There's a lot of tutorials these days based on iCE40 and open toolchain.
Then I went on to read yosys's documentation, and learned a great deal about how the flow from verilog to hardware works in a very short amount of time, by just doing so.
When someone says "beginner", I never think of someone who already knows the Unix command line.
I've been doing this for far too many years, and I'm struggling to think of anybody I know who does FPGA work and knows the UNIX command line--even among the experienced hands.
You are likely too biased in the Windows world, which is exactly what HN is not (probably! I have no data to prove that, just a hunch based on the discussions I took a part of on HN).
However, none of my colleagues in hardware design really know UNIX--neither junior nor senior.
And what's with the downvoters in this thread? Stop downvoting people because you disagree with them--COMMENT, DAMMIT.
I'm beginning to suspect that the HN "You're posting too fast" limit gets hit too quickly and people can only upvote/downvote so they default to that.

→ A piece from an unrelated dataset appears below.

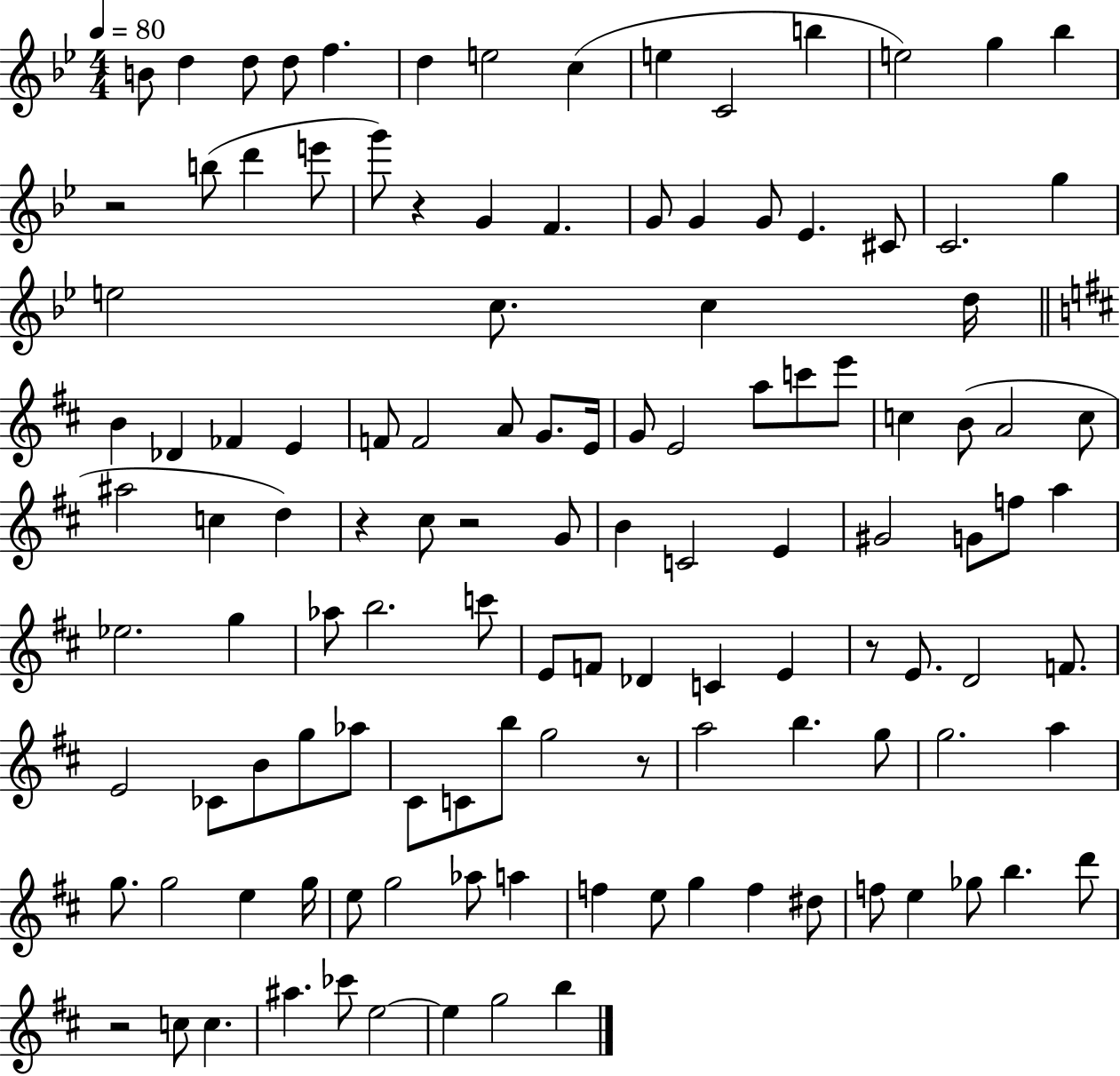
B4/e D5/q D5/e D5/e F5/q. D5/q E5/h C5/q E5/q C4/h B5/q E5/h G5/q Bb5/q R/h B5/e D6/q E6/e G6/e R/q G4/q F4/q. G4/e G4/q G4/e Eb4/q. C#4/e C4/h. G5/q E5/h C5/e. C5/q D5/s B4/q Db4/q FES4/q E4/q F4/e F4/h A4/e G4/e. E4/s G4/e E4/h A5/e C6/e E6/e C5/q B4/e A4/h C5/e A#5/h C5/q D5/q R/q C#5/e R/h G4/e B4/q C4/h E4/q G#4/h G4/e F5/e A5/q Eb5/h. G5/q Ab5/e B5/h. C6/e E4/e F4/e Db4/q C4/q E4/q R/e E4/e. D4/h F4/e. E4/h CES4/e B4/e G5/e Ab5/e C#4/e C4/e B5/e G5/h R/e A5/h B5/q. G5/e G5/h. A5/q G5/e. G5/h E5/q G5/s E5/e G5/h Ab5/e A5/q F5/q E5/e G5/q F5/q D#5/e F5/e E5/q Gb5/e B5/q. D6/e R/h C5/e C5/q. A#5/q. CES6/e E5/h E5/q G5/h B5/q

I agree with you that downvotes are useless when one simply disagrees and don't help the author or the reader learn. With the "flag" feature though, I am not sure I see the point of downvoting at all (other than when someone repeats the same disproven argument in the thread): upvoting is there to indicate "me too", but any such thing turns into a popularity context.
Installation instructions (basically just extract the folder somewhere): https://github.com/im-tomu/fomu-toolchain
Workshop: https://github.com/esden/wtfpga
Sadly this frequently manifests as huge, Eclipse based bloatware with byzantine installation processes and comical fragility. Precious few understand the value of lightweight, robust tools and confuse elaborate graphical wizards and code generators with quality.
This is highly dependent upon how often you use the tool.
If I do an FPGA project once every two years and the scope is less than 3 months, user-friendliness is very much a useful metric for my tools.
If I'm doing an FPGA project that is going to take 15 months, then lack of user-friendliness certainly won't stop me (but it will make me grouchy).
Perhaps Xilinx-land is different, but I have seen an intern go from blank Windows machine to "blink an LED" on an Altera board in about an hour or so with no Verlog/VHDL.
I have never seen this with the open-source toolchains.
Your experience differs. YMMV. Disclaimers. etc.